* _Data supplied_
[Start of section]
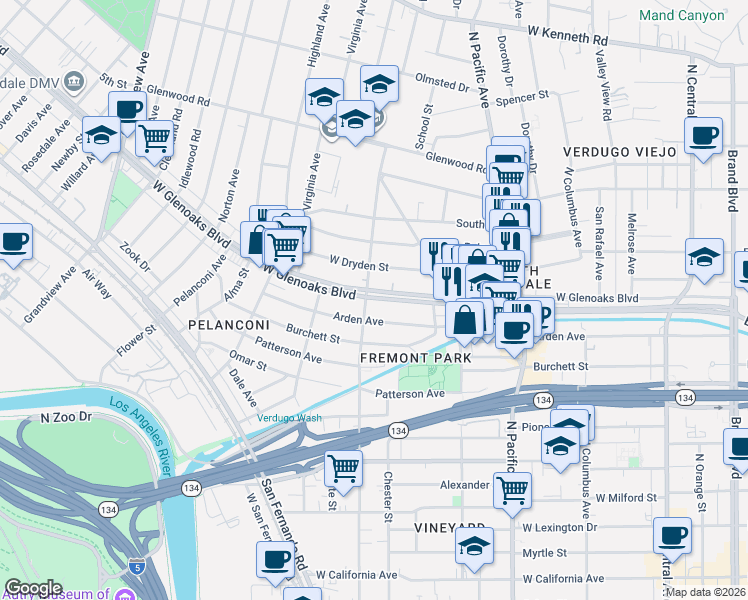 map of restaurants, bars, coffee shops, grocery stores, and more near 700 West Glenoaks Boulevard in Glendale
[End of section]
[Start of section]
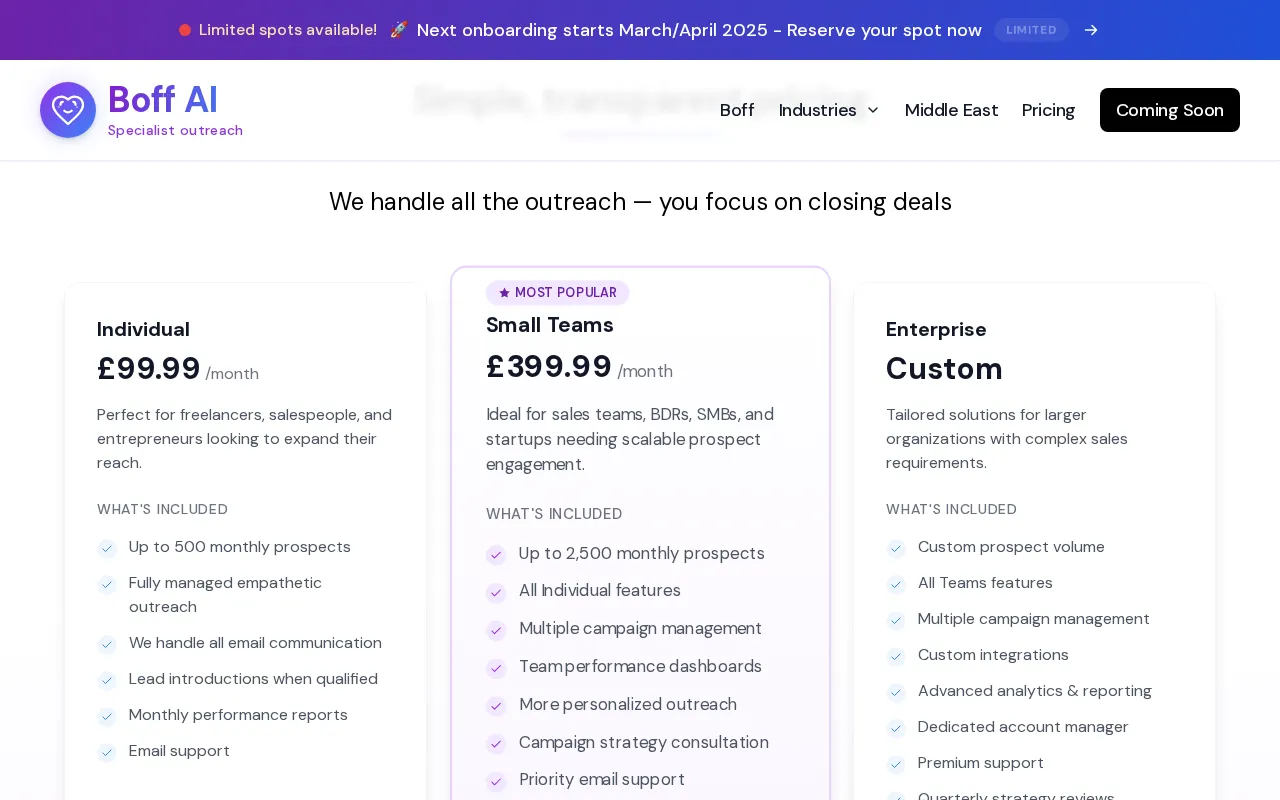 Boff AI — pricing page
[End of section]
[Start of section]
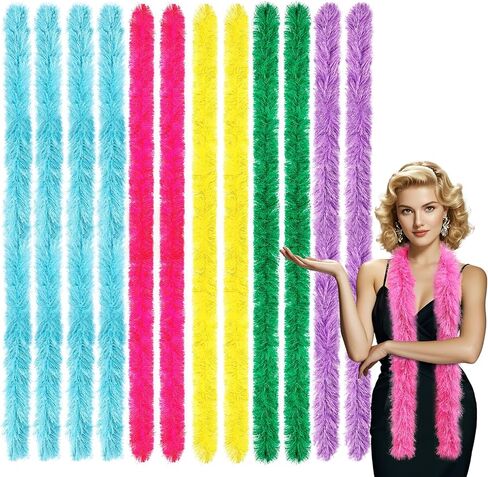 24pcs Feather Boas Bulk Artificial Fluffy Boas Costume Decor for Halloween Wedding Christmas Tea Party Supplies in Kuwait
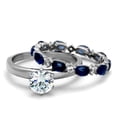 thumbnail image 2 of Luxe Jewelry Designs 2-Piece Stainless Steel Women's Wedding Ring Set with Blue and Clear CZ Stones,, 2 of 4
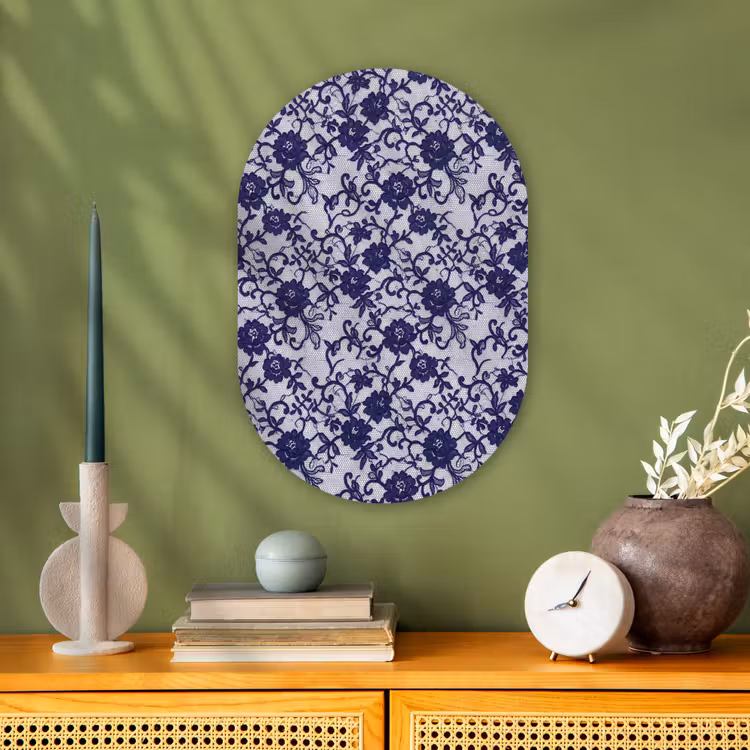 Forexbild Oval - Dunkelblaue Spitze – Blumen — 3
[End of section]
* _Requirement_
Extract from the material above the stretch running from the line containing "thumbnail image 2" through the line containing "Forexbild Oval - Dunkelblaue". Keep the text exact and the pictures out.

* _Response area_
 thumbnail image 2 of Luxe Jewelry Designs 2-Piece Stainless Steel Women's Wedding Ring Set with Blue and Clear CZ Stones,, 2 of 4
 Forexbild Oval - Dunkelblaue Spitze – Blumen — 3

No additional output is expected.